Fall is an excellent time to give your pavers and slabs some attention as lawn and garden care winds down. Winter is particularly rough on hardscapes; freeze/thaw cycles, moisture build-up and de-icing salts can all wreak havoc on a concrete surface over time. With a bit of preventative maintenance in the fall, you can limit the effects of winter and extend the life of your pavers and slabs.
Clear the Surface
Before the first snowfall, work to ensure that the surface of your patio or driveway is clear. Metal furniture should be removed to avoid staining the surface with any rust that forms over a damp winter. Leaves and other organic material should also be swept away to prevent decaying leaves from discolouring your pavers during freeze/thaw cycles. We also advise pulling up any plants that have made their way into the cracks between the pavers. Aside from being unsightly, weeds and moss can create issues over time.
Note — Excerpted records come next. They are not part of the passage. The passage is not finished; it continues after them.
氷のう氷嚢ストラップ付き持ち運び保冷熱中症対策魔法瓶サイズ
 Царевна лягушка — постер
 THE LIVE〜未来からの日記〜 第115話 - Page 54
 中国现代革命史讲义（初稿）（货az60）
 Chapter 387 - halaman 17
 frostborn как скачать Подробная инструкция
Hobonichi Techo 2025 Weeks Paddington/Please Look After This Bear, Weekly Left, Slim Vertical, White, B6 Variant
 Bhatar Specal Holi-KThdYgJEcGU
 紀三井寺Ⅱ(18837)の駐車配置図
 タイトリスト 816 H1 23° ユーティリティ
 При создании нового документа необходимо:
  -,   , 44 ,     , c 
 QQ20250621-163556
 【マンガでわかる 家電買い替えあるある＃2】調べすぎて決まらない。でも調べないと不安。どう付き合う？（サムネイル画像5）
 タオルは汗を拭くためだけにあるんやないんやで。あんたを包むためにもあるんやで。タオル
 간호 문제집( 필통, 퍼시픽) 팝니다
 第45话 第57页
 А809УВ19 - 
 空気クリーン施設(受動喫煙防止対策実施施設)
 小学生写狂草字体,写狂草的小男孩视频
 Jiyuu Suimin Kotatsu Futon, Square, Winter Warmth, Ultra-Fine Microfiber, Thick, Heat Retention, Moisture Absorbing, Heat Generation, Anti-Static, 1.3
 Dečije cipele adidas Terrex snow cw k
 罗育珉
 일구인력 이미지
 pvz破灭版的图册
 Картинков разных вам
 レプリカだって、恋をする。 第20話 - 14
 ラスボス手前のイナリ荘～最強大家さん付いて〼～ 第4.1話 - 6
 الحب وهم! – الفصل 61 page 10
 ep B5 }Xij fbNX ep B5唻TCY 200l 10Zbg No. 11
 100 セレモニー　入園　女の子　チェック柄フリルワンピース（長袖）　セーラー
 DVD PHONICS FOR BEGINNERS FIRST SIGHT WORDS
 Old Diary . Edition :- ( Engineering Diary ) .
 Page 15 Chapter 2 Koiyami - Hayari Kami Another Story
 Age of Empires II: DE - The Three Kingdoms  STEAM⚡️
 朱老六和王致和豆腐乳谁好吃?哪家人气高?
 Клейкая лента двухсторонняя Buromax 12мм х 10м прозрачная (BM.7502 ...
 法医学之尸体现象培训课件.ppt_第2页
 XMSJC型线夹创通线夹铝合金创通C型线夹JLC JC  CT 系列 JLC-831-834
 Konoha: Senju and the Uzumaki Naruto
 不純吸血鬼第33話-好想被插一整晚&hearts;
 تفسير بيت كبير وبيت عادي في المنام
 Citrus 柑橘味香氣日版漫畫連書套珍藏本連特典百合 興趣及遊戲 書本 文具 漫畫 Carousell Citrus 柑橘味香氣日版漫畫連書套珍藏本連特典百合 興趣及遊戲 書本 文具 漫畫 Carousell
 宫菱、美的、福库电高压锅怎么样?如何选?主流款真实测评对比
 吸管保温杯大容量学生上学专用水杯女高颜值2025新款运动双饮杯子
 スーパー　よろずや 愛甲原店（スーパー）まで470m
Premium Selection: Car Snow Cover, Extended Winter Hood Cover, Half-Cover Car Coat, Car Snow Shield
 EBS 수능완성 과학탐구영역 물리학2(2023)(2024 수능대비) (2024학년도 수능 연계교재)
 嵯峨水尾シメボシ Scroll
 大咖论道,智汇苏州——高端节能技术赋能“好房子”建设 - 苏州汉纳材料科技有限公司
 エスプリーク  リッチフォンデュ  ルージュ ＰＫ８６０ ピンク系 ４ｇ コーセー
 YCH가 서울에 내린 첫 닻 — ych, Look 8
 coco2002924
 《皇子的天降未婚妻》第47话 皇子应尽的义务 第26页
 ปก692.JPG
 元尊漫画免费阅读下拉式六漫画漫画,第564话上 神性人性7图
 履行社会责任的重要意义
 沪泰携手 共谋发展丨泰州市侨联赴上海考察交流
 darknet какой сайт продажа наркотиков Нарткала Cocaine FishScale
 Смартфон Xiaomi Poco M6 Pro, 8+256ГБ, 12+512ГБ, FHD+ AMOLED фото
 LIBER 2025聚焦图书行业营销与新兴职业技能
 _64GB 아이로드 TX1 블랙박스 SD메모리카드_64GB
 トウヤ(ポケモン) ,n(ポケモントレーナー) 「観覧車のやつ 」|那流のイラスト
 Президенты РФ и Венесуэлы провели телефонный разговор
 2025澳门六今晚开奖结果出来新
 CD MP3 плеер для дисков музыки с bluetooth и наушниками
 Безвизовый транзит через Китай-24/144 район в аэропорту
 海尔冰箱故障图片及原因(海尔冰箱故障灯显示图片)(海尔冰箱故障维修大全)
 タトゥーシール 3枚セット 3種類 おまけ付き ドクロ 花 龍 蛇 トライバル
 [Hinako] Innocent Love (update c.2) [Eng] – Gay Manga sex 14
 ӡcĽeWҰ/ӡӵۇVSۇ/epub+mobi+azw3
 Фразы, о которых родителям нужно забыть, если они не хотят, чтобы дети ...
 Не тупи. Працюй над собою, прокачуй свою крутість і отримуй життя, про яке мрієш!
Be Careful with De-Icing Salt
As the snow begins to fall late in the season, de-icing salt is the first thing people reach for. However, not all salts are created equal. Salt will corrode your pavers and create pockmarks, especially if used excessively or over long periods of time. The Interlocking Paving Institute recommends using rock salt (sodium chloride) because it does the least damage. However, it may still affect the warranty of your pavers. Calcium chloride and magnesium chloride should be avoided altogether because of their corrosive properties. If you choose to apply salt, follow the manufacturer’s instructions and use it sparingly.
It doesn’t take much to extend the life of your paving stones. This fall, set some time aside to maintain your hardscapes and keep them looking their best.